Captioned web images
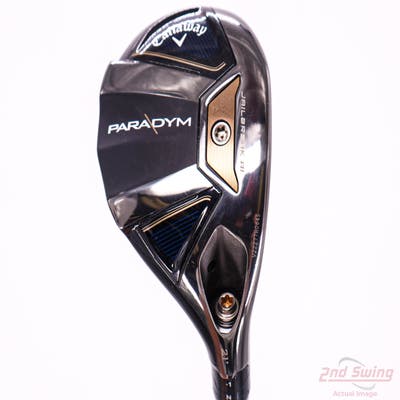 Callaway Paradym Hybrid 4 Hybrid 21° Graphite Design Tour AD IZ-85 Graphite X-Stiff Right Handed 41.25in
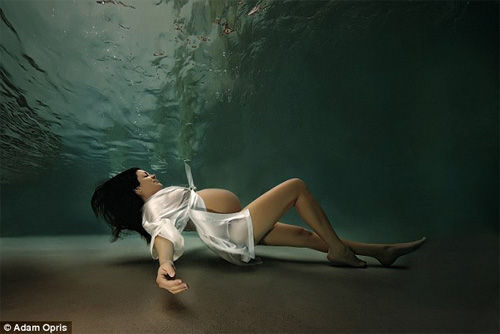 Những mẹ bầu hóa nàng tiên cá tuyệt đẹp - 14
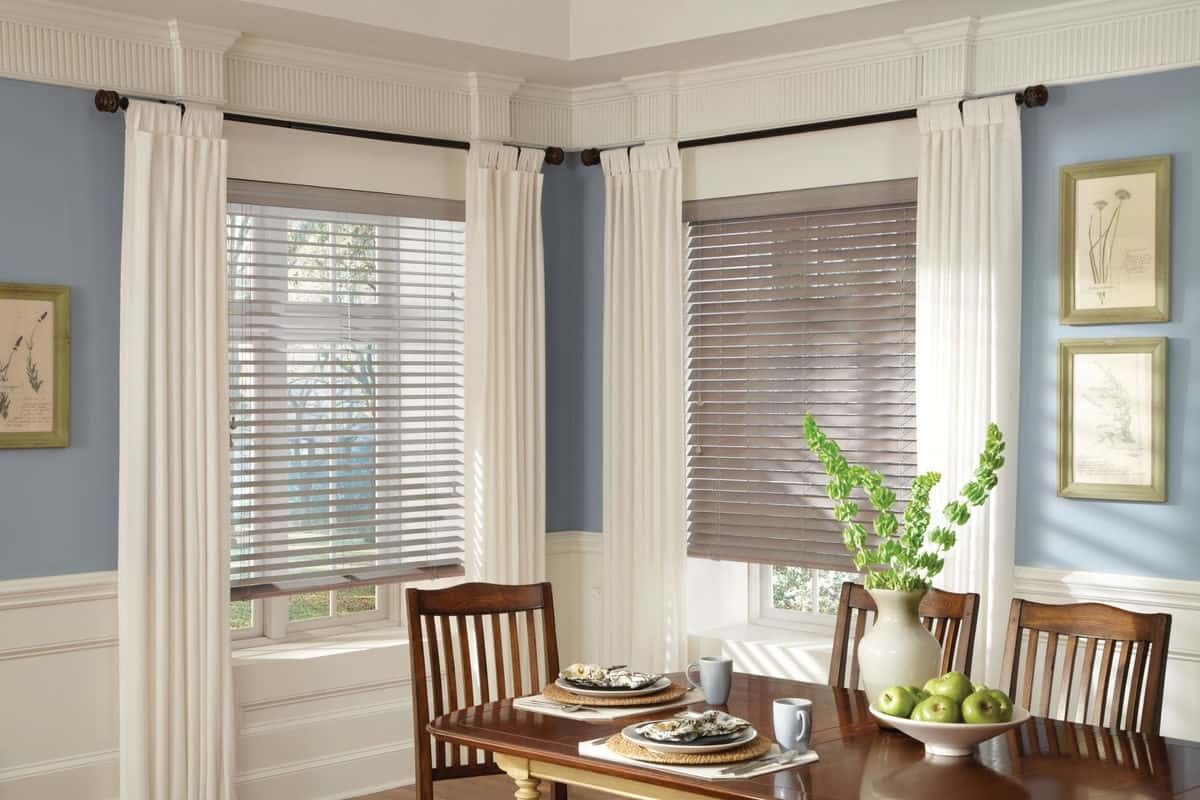 Hunter Douglas Parkland® Wood Blinds, wooden window blinds near Mount Pleasant, South Carolina (SC)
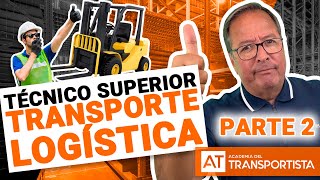 FP TRANSPORTE LOGÍSTICA  Descubre más sobre el Grado Superior de Logística y Transporte [upl. by Nicola808]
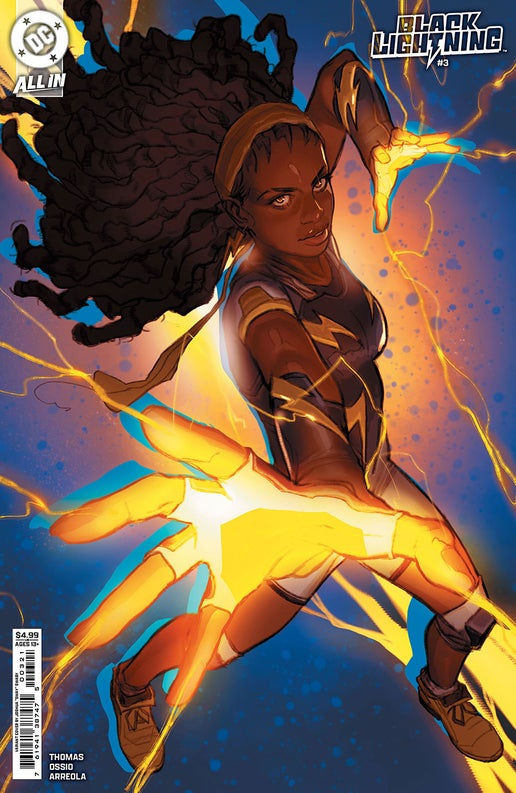 Black Lightning Vol 3 #3 Cover B Variant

→ About this task: The lines wanted are those from the one with "FP TRANSPORTE LOGÍSTICA" to the end of the entries above, repeated exactly, both ends included. Leave out the pictures.

→ Answer to this exercise:
 FP TRANSPORTE LOGÍSTICA  Descubre más sobre el Grado Superior de Logística y Transporte [upl. by Nicola808]
 Black Lightning Vol 3 #3 Cover B Variant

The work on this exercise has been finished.